The absolute strongest 7 out of 10 I have ever read lol.

There was so much about this I loved, the structure, the art style, the visual storytelling. I loved how Rich Tommaso weaved all of these characters together, fleshing them out with flashbacks while also forwarding a narrative. It felt very Love and Rockets or Stray Bullets in that aspect. It was a basic mob revenge story where orphaned daughters are taking revenge against the monsters and hit men who killed their parents. The constant flashbacks and switching points of view is what intrigued me the most when I was reading. I also really liked how balls to the wall and abrupt the ending was. I really liked that last page a ton.

My beef with the book though is in the brevity of certain segments. I think a few more pages could’ve fleshed some under developed parts out. I don’t know how this was serialized, I know it was in 7 issues, but I don’t know how it was broken up issue by issue. Some of the dialogue is a bit wonky too. At times it could be kind of lifeless, but I do think the art and the visual storytelling save it. The narration to at times is a bit much, but I’m always an anti narration guy unless it’s done super well.

I also ran into a few confusing page layouts. I’m reading through Building Stories by Chris Ware right now and he manages to do some wild layouts that are surprisingly not that difficult to read. I thought the simplicity of these layouts would give me an easy time, but there’s a good handful of pages that go across the spread instead of page by page.
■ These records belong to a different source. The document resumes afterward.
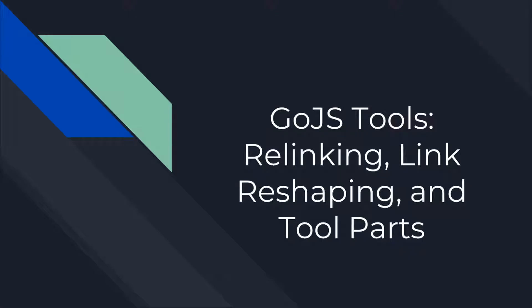Hello. Welcome to another GoJS intermediate tutorial. This video will explain and demonstrate the relinking tool and link reshaping tool GoJS comes equipped with. It will also demonstrate how one might wish to modify parts associated with tools.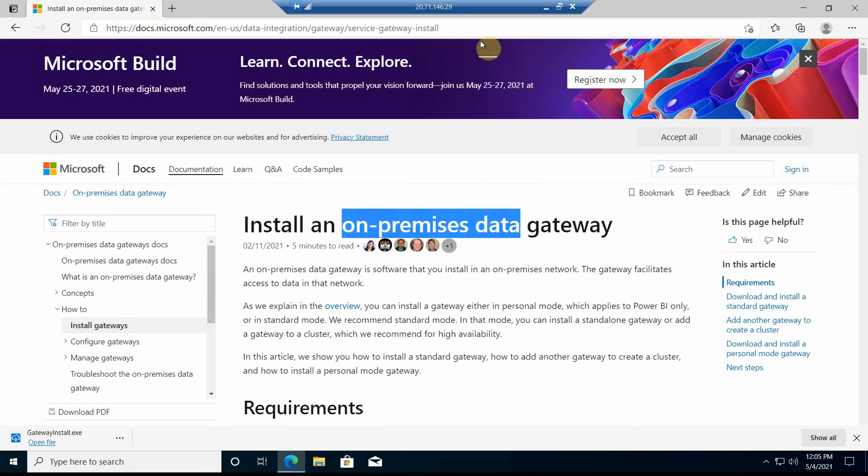Hello and welcome, thank you for joining me today. We're going to have a quick look at on-premises data gateway. I'll try to explain what it is, what it's used for, and how to install it.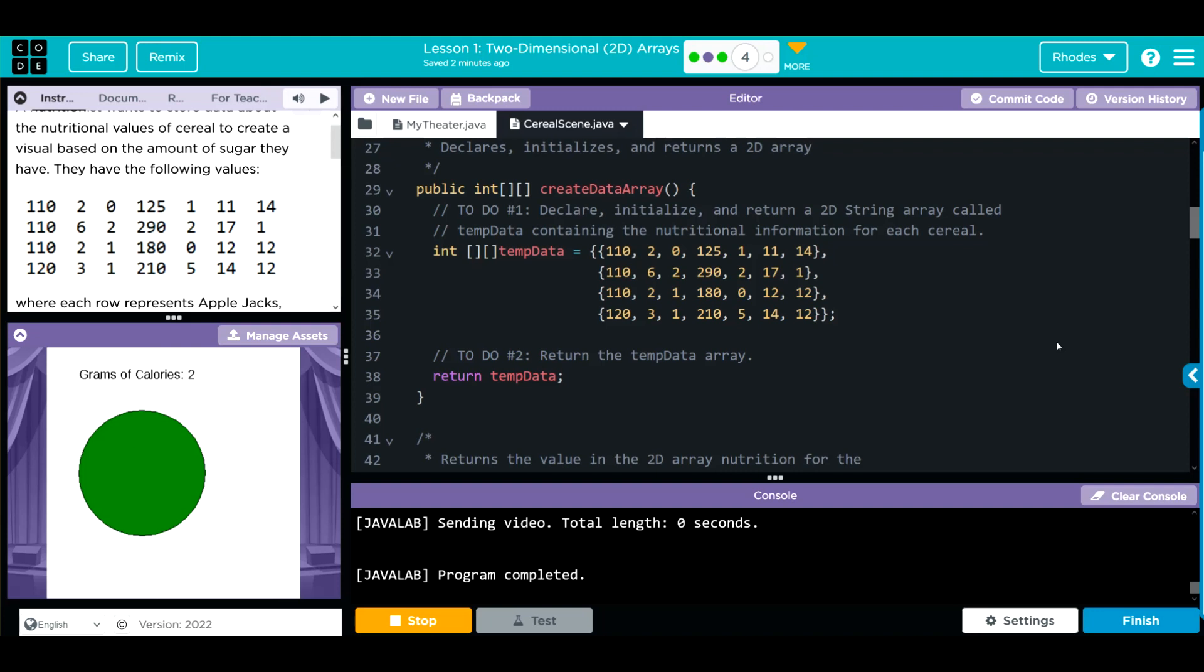Hopefully, this video helped you understand 2D arrays a little better. As always, kids, if you have any questions, come see me otherwise. I'll see you on the next video. See you later, kids.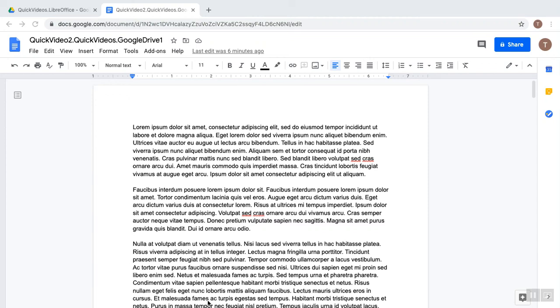Hi, my name is Tim with OS College, and this is a quick video for Google Drive, more specifically Google Docs.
It had me skipping around the page not really understanding if I was supposed to read the page normally or read across the whole book. I would’ve preferred a more consistent layout of either fully across or singular pages.

I did love this book despite some glaring flaws. I thought the structure, connecting plot lines and art style were awesome. It’s definitely worth a read and it enticed me to pick up some more Rich Tommaso.